Qu Wenruo March 21, 2023, 11:02 a.m. UTC | #4

On 2023/3/21 18:07, Hector Martin wrote:
> On 21/03/2023 12.21, Qu Wenruo wrote:
[...]
> 
> Note that we already have a bunch of people running Fedora Asahi, and as
> far as I know those images are created on 4K systems and then used on
> 16K systems, so this should be already getting real-world testing (and
> will get a lot more once we get to official announcement/release)
> regardless of the default.
> 
> IOW, this change is mostly about people creating secondary btrfs
> filesystems on Asahi directly, which is relatively niche in comparison.
> So if you have a subpage bug it's going to hit Asahi users whether this
> change happens or not :)

Awesome, nothing happened would already be the best thing.
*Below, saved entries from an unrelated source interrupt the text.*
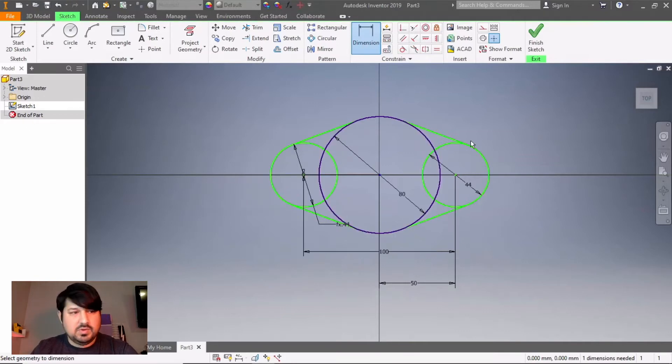Next, there is a circle hole in here — we're going to put that in now. Click on the center and the diameter of that inner circle is 15 millimeters.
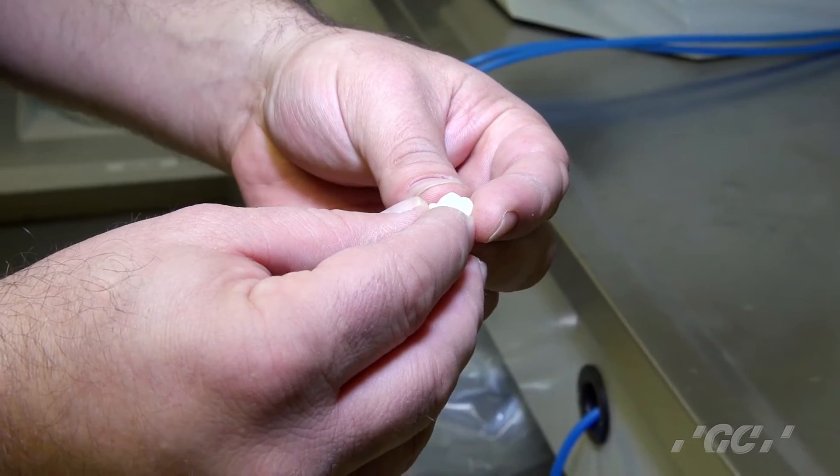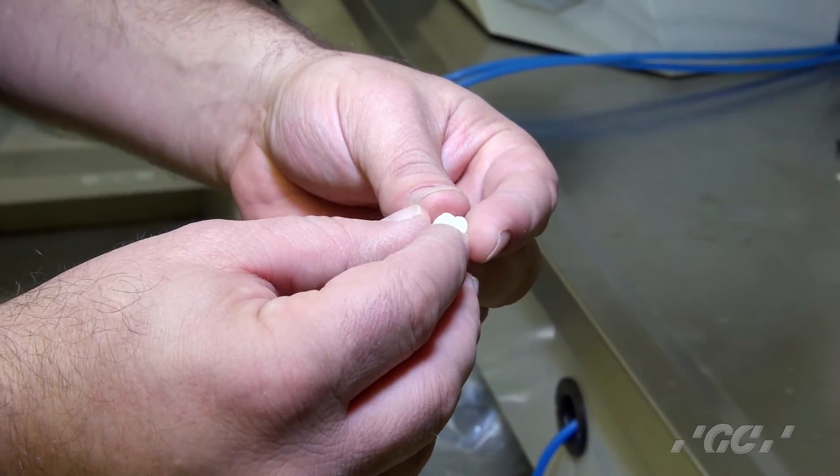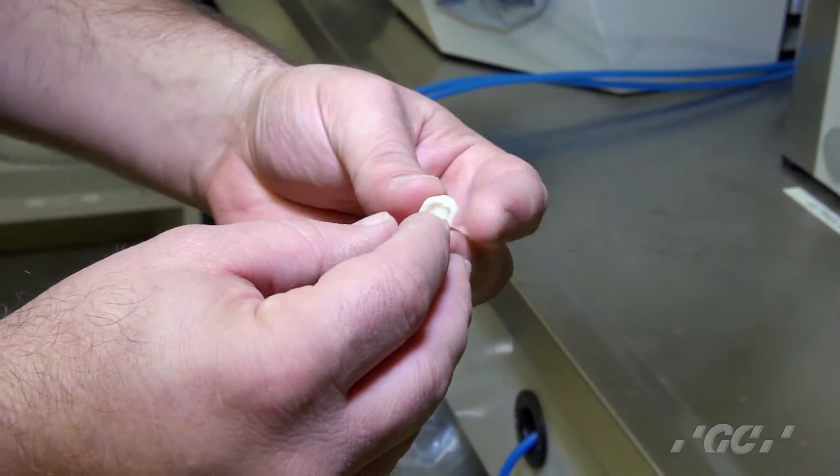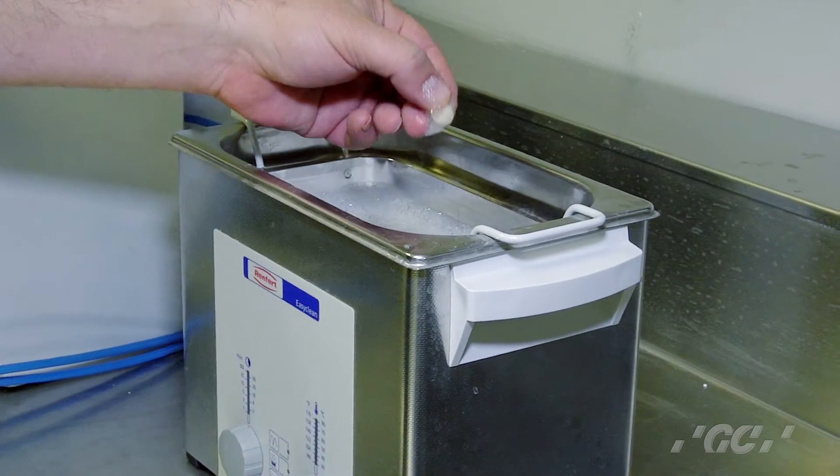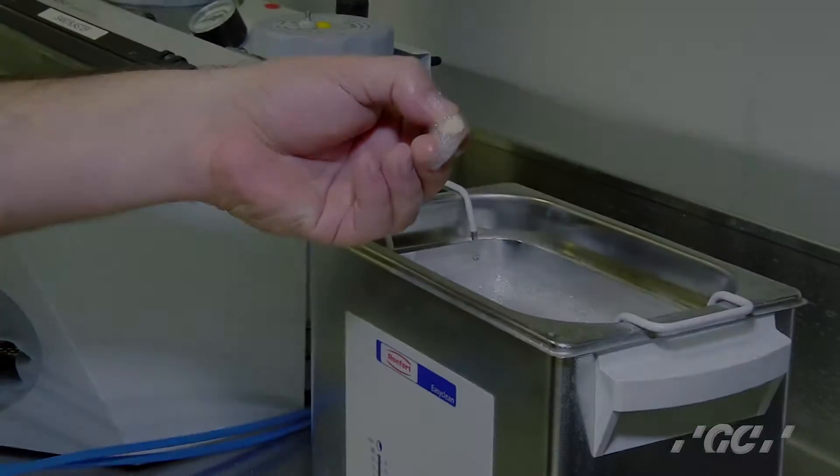Now we're going to take the Cerismart restoration and put it in the ultrasonic cleaner to make sure we get rid of any debris that's left over. When that's done, we're going to take it over, wash it off, and get ready to apply the OptiGlaze.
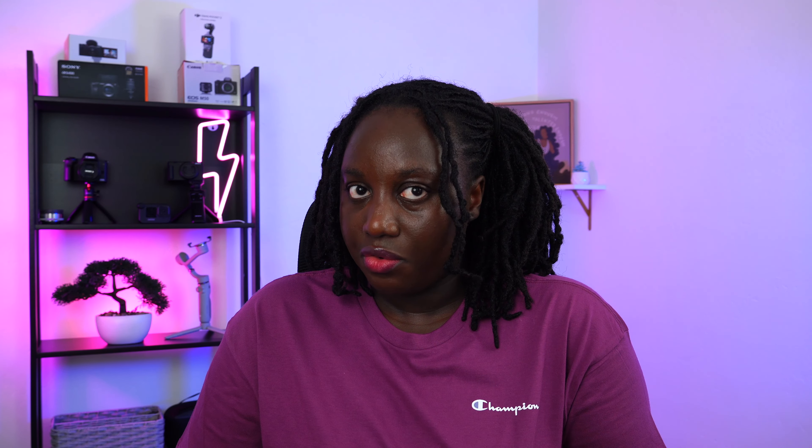Today I have something really exciting that I want to unbox with you guys. I did not buy this — this was gifted to me by Rode, and I'm so excited. Thanks to you guys for engaging with my content, because I'm pretty sure that's how they found me, whether it was Instagram, YouTube, or TikTok. I'm just so grateful. I've been waiting for this for the past two weeks.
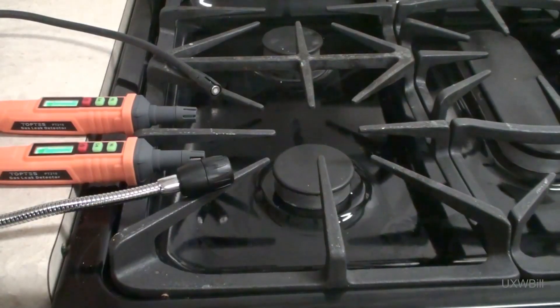Now let's go ahead and test for sensitivity with propane gas. And everybody alarmed almost instantly on that one. Let's see how long it takes them to settle back down. Only the Klein Tools and one of the Top Test detectors is still alarming. The two Top Test detectors are now quiet again. And now the Klein Tools is slowly winding down.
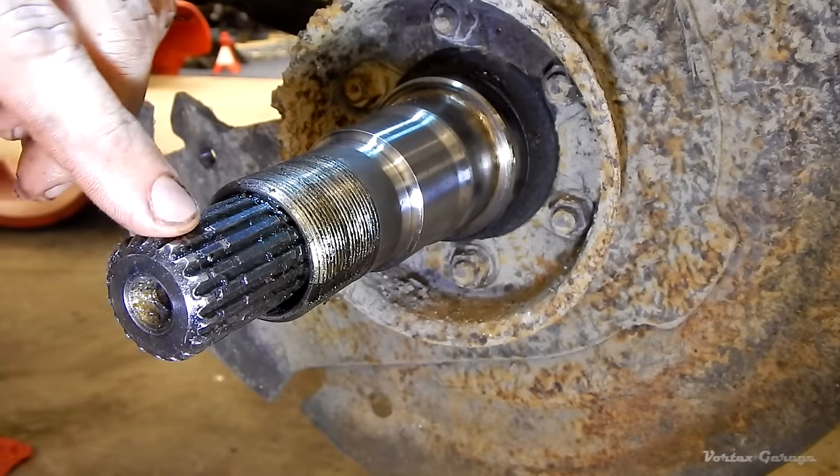Let's flip this back over. I knocked some dirt loose, so I'm going to come in with the brake cleaner and make sure everything's nice and clean inside and on the outer race. Give it time for this to dry because the brake cleaner will break down the grease we want to put in.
The worst scenario, in which tons of users reporting subpage crash, is 
already avoided.

> 
>>
>> But on the other hand, I really don't want any big bug screwing up early
>> adopters, and further damage the reputation of btrfs.
>>
>>
>> Would the Asahi guys gives us some early test results?
>> (AKA, full fstests runs with 16K page size and 4K sectorsize).
> 
> Gave it a shot. Tested with options:
> 
> export TEST_DEV=/dev/nvme0n1p6
> export TEST_DIR=/mnt/test
> #export SCRATCH_DEV=/dev/nvme0n1p7
> export SCRATCH_MNT=/mnt/scratch
> export SCRATCH_DEV_POOL="/dev/nvme0n1p7 /dev/nvme0n1p8 /dev/nvme0n1p9
> /dev/nvme0n1p10 /dev/nvme0n1p11"
> export MKFS_OPTIONS="-s 4096"
> export FSTYP=btrfs
> 
> btrfs/012 is broken, the converted FS fails to mount with:
> 
> [  784.588172] BTRFS warning (device nvme0n1p7): v1 space cache is not
> supported for page size 16384 with sectorsize 4096
> [  784.588199] BTRFS error (device nvme0n1p7): open_ctree failed
> 
> btrfs/131 and 136 have the same issue.

This is v1 cache problems, IIRC newer progs from ArchlinuxARM upstream 
should already default to v2 cache, it's the test case itself requesting 
v1 cache, thus causing problems.
(v1 cache is explicitly rejected because I'm a little too lazy to fix 
all the hard coded PAGE_SIZE usage there).

I can update those test cases to avoid if v1 cache is not supported.

> 
> btrfs/106 has a size mismatch in the output, but I get the feeling
> that's just a bad test that assumes 4K somewhere?

Yep, that looks like the case.

Although I'll need dig deeper to find a way to fix the test case.

> 
> btrfs/140 is the first one that looks bad. Looks like the corruption
> correction didn't work for some reason.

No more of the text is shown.